Roman boyunca yaşanan tüm sürecin bir film olarak tasarlanması, adeta Situasyonistlerin sanat ve hayatı birbiri içine katma çabasını andırıyor. Bir film çekiyoruz, ama her şey gerçek. İnsanlar ölüyor ama gerçekten ölüyor. Sevişiliyorsa, gerçekten sevişiliyor. Her bölümün başında yer alan, ileri ya da geri sardırma tuşlarını andıran işaretler de geçmiş ve geleceği aynı düzlemde buluşturarak, yazarın romana özgü bir zaman anlayışı yaratmasını sağlamış. Bazen gelecekte, bazen geçmişte yol alarak okunuyor roman. Maddox, sadece bir film yıldızının hayatını değil, zamanı da altüst ederek kurgulamış romanını.
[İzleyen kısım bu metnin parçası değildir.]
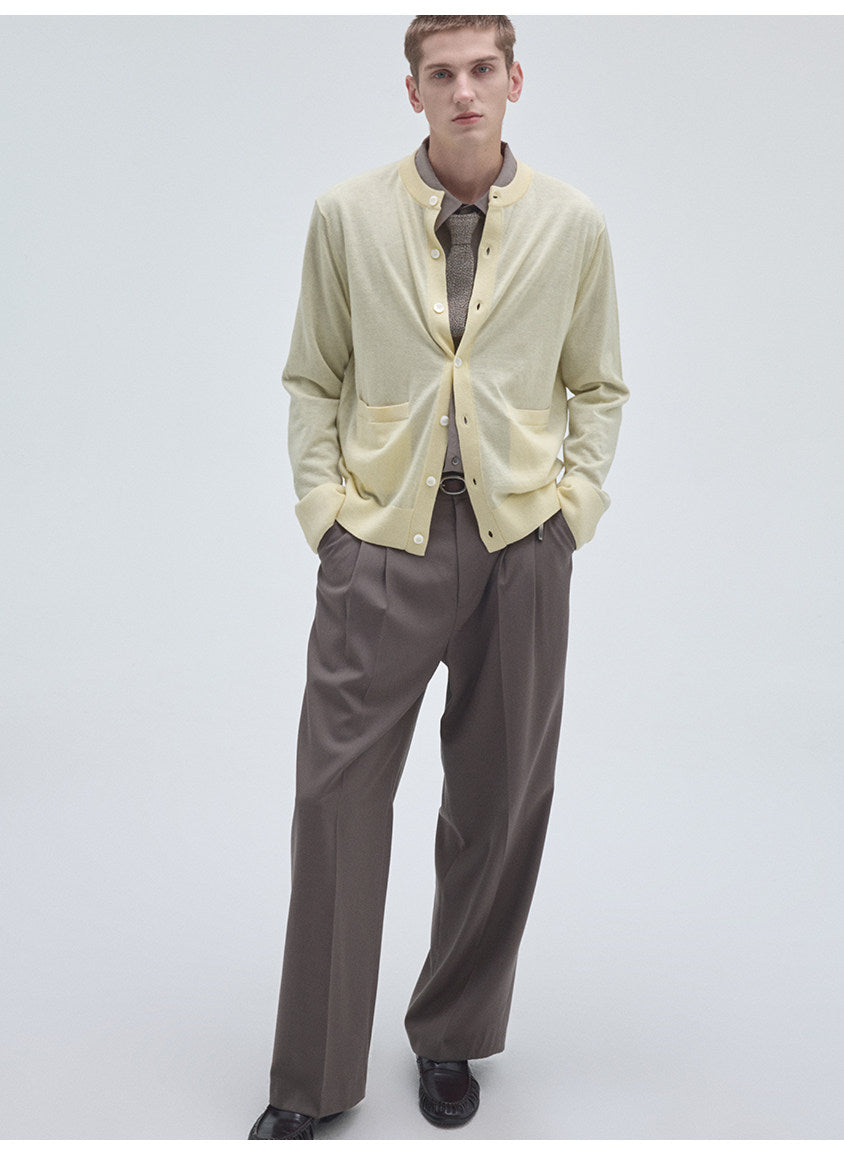 Round-Neck Knit Cardigan with Pockets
ABD’de bir cezaevinde tutuklu olarak yaşayan Maddox’un hayal gücü ve kışkırtıcı anlatımı gerçekten hayranlık uyandırıcı. İki ayrı odada oturan sanat ve hayatı aynı odaya almak için ne yapılmalı diye sormuştum ya yazının başında, sanat, insanın alışkanlıkları ve tedirginlikleri üzerine giderek yapabilir bunu diye bir yanıt oluşuyor zihnimde, romanı okuduktan sonra.

Eğer bir sanat eseri, tıpkı romandaki Deirdre ve diğer karakterlerin o film yıldızına yaptığı gibi, okurun uyanışına yardımcı olarak, varoluşuna dair sorular sordurtabiliyor, gerçek hayatta bir yanlışlık anında bulunabilecek doğruları, sanatın hayattan bağımsız olmayan kendi gerçekliği içinde dönüştürüp çoğaltabiliyorsa, sanat ve hayat arasındaki duvarları yıkacak çatlaklar da oluşuyor demektir. Bu çatlakların edebiyatımızda yeterince oluşup oluşmadığı konusunda endişeliyim. Çünkü bu topraklarda, sanatın felsefe ve siyasetle olan ilişkisi, hem eleştiri, hem de üretim düzeyinde sınırlı ve zayıf bir biçimde gelişiyor. Bugün o çok gerçekçi ya da siyasi romanlar yerine Oğuz Atay gibi yazarların okunuyor olması, neden sorusunu atlayarak hazır reçetelerle sanat yapılmaya kalkışılması ve insanın var oluşuna dair soruların toplumsal gerçekliğin gölgesinde kalmasından kaynaklanıyor bence. Oğuz Atay gibi yazarlar, bu sayede kendisini siyasi gören pek çok yazardan daha siyasi romanlar yazmıştır diyebilirim.

Maddox’un yaptığı gibi, bireyin varoluş ve kimlik meselesini kendisine temel alan yapıtlara, gittikçe karmaşıklaşan günümüz toplumunda daha büyük bir ihtiyaç var. Uyutan değil, uyandıran sanat yapıtları çoğaldıkça, hayat ve sanat aynı odada oturacak ve belki aralarında bu sayede devrimi konuşma imkânı bulacaklar.